A legion of hard hats and grounds crew members has been working virtually 'round the clock since the Sox defeated the Colorado Rockies, 2-1, last Oct. 25, and they were hammering, welding, and mowing as a handful of weary ballplayers arrived to unpack stuff yesterday.
There was no official workout, but today's starter, Daisuke Matsuzaka (when is the last time a pitcher started three of a team's first eight games?), stepped on the Fenway lawn just after 11 a.m and commenced running in the outfield. On his way to the clubhouse, Dice-K stopped by the mound and rehearsed his pitching motion from the carpet-covered hill. Groundskeepers continued to water the grass while Matsuzaka pretended to pitch.
Kevin Youkilis, Clay Buchholz, Dustin Pedroia, Josh Beckett, Julian Tavarez, and Jacoby Ellsbury were among those who came to the park to recover baggage they'd left behind in Florida March 19. Along with the bags, they discovered a better-lit clubhouse with exposed brick and a higher ceiling. The Sox' home office doesn't have any new elbow room, but it seems more spacious because architect Janet Marie Smith literally raised the roof.
The Nomar Garciaparra Line of Death - a red stripe embedded into the clubhouse carpet (reporters were not allowed to cross) - is gone. The crimson line lasted 3 1/2 seasons longer than Nomar but went out with the old carpet and has not been replicated in the new rug.
"It's good to come home and set your place up," said Pedroia.
"It was a long trip, but it was fun, a great experience," added Ellsbury. "Now we all need to unpack and get situated.

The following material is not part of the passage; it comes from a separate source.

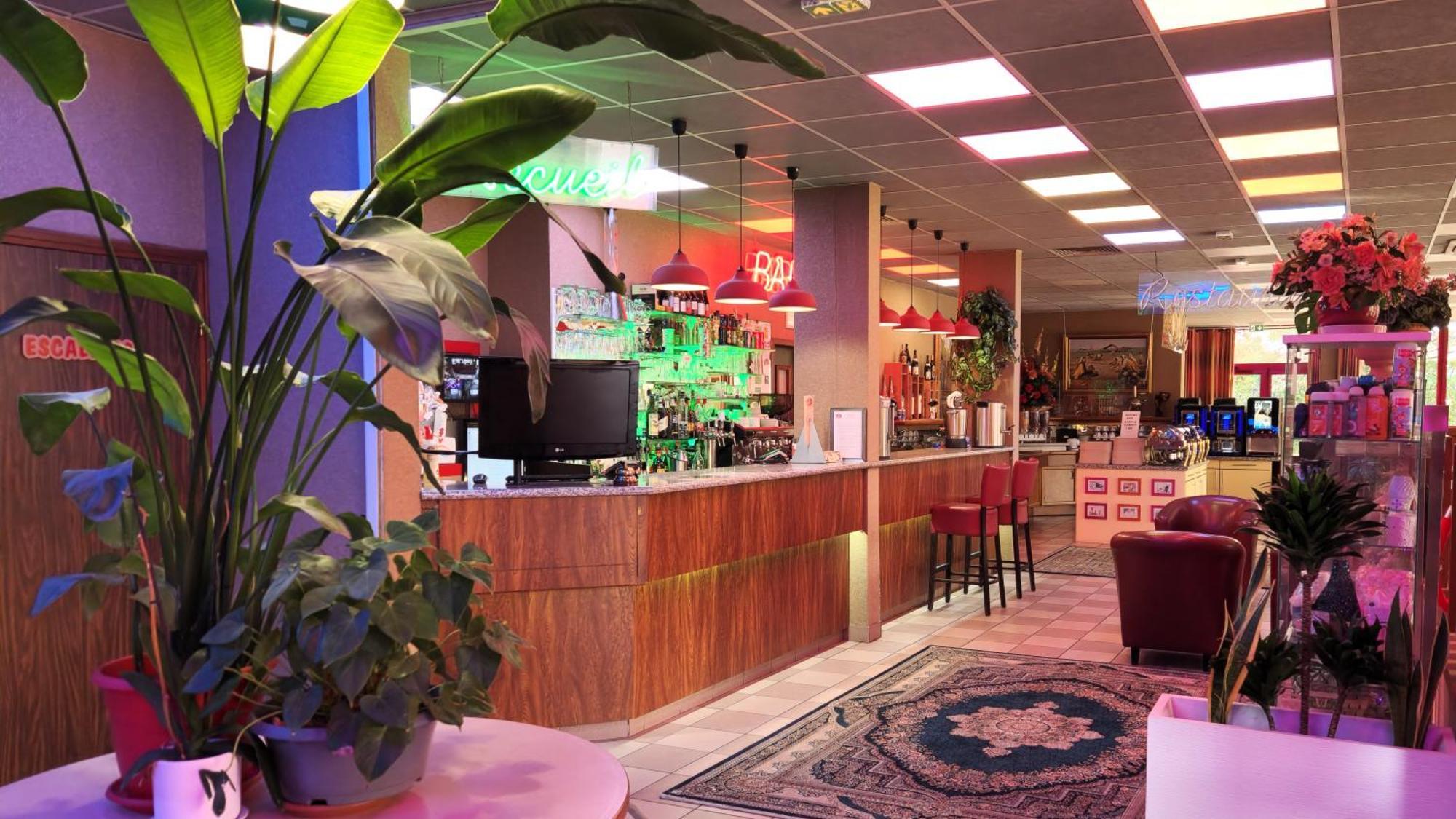 Hotel Siatel Besancon Chateaufarine Екстериор снимка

"I'm real tired. I just got up 20 minutes ago [he said this at 12:45 p.m.]. I don't know what time I'm on, but every day I'm feeling a little bit better."
There was plenty of teeth-gnashing and low-level grumbling when the Sox wrapped up their 16,000-mile trek with three straight losses in Toronto Sunday, but at this early hour, the Sox are living in the complaint-free zone.
"No more excuses about that," said Pedroia.
"Toronto just outplayed us," added Terry Francona. "They did everything better than we did."
The Sox manager went on to point out that his team's flaws tend to be exaggerated when the hitting stops.
"We're not going to have David Ortiz stealing second base," said Tito. "We're big and sometimes slow. That's the way we're constructed."
They are also favored to win the World Series for the third time in five years, and today's ring ceremony will remind everyone how good it was around here in the final two weeks of October.
"We deserved it," Pedroia said proudly. "We were the best team all year and we proved it at the end."
"I think I'll enjoy watching our players get their rings," said Francona. "There's no doubt there'll be a lot of emotion. The fans and the energy in the ballpark will go a long way."
The 2008 Red Sox are the most introduced team in baseball history. They were feted in Tokyo and took part in Opening Day festivities in Oakland and Toronto. Dr. Charles Steinberg spared them the intros when they played in front of the largest crowd in baseball history (115,300) at the Los Angeles Coliseum, but the Sox' spring of '08 has been long on miles and ceremonies, and thus far short on victories.
Finally, they are home for their Fenway feast. It's an official New England holiday. School will be skipped, employees will punch out early, and World Series rings will be served for lunch.